Academia is another example of negative selection. To get tenure, first you have to get into a top PhD program. Then you have to graduate. Then you have to get a good recommendation from your advisor. Then you have to get a good postdoc. Then you have to get another good postdoc. Then you have to get a good assistant professorship. Then you have to get approved by the tenure committee. For the most part, if even one of those steps goes wrong – if you went to a second-tier PhD program, say – there’s no way to recover. Once you’re off the “track”, you’re off, and there’s no getting back on. It’s fail once, fail forever.
Grades are another example – A is a good grade, but there’s no excellent grade. There’s no grade that you only get if you’re in the top 0.1%. Hence, getting a really good GPA doesn’t mean excelling, so much as it means never failing. If you’re in high school and are taking six classes, if you fail one, your GPA is now 3.3 or less, regardless of how good you are otherwise.
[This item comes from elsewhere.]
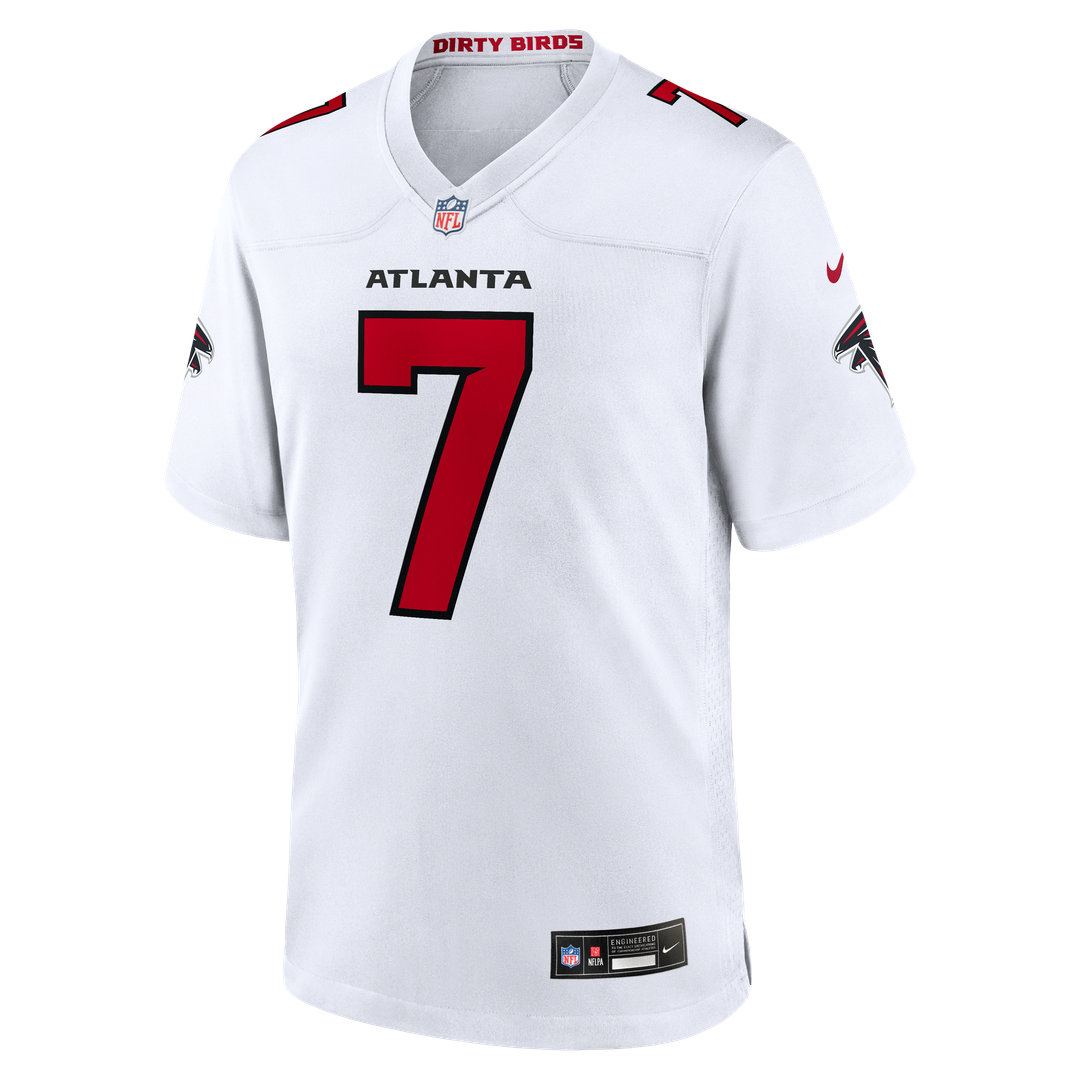 Atlanta Falcons Bijan Robinson White Game Jersey product image 6, provided for visual reference and product detail review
In any field, at the top end, you tend to get a lot of variance. (Insert tales of the mad artist and mad mathematician.) Negative selection suppresses variance, by eliminating many of the dimensions on which people vary. Students at Yale are, for the most part, all strikingly similar – same socioeconomic class, same interests, same pursuits, same life goals, even the same style of dress. A lot of people tend to assume performance follows a bell curve, but in some cases, it’s more like a Pareto distribution: the top people do hundreds or thousands of times better than average. Hence, if you eliminate the small fraction of people at the very top, your performance is hosed. Fortunately for VC funds, the startup world is still positive selection.
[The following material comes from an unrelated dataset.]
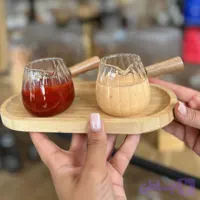 سس خوری پیرکس شیاردار دسته چوبی وارداتی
Less obviously, a world with lots of negative selection might be a nasty one to live in. If you think of yourself as trying to eliminate bad, rather than encourage good, you start operating on the purity vs. contamination moral axis. Any tiny amount of bad, anywhere, must be gotten rid of, and that can lead to all sorts of nastiness. “When you are a Guardian of the Truth, all you can do is try to stave off the inevitable slide into entropy by zapping anything that departs from the Truth. If there’s some way to pump against entropy, generate new true beliefs along with a little waste heat, that same pump can keep the truth alive without secret police.”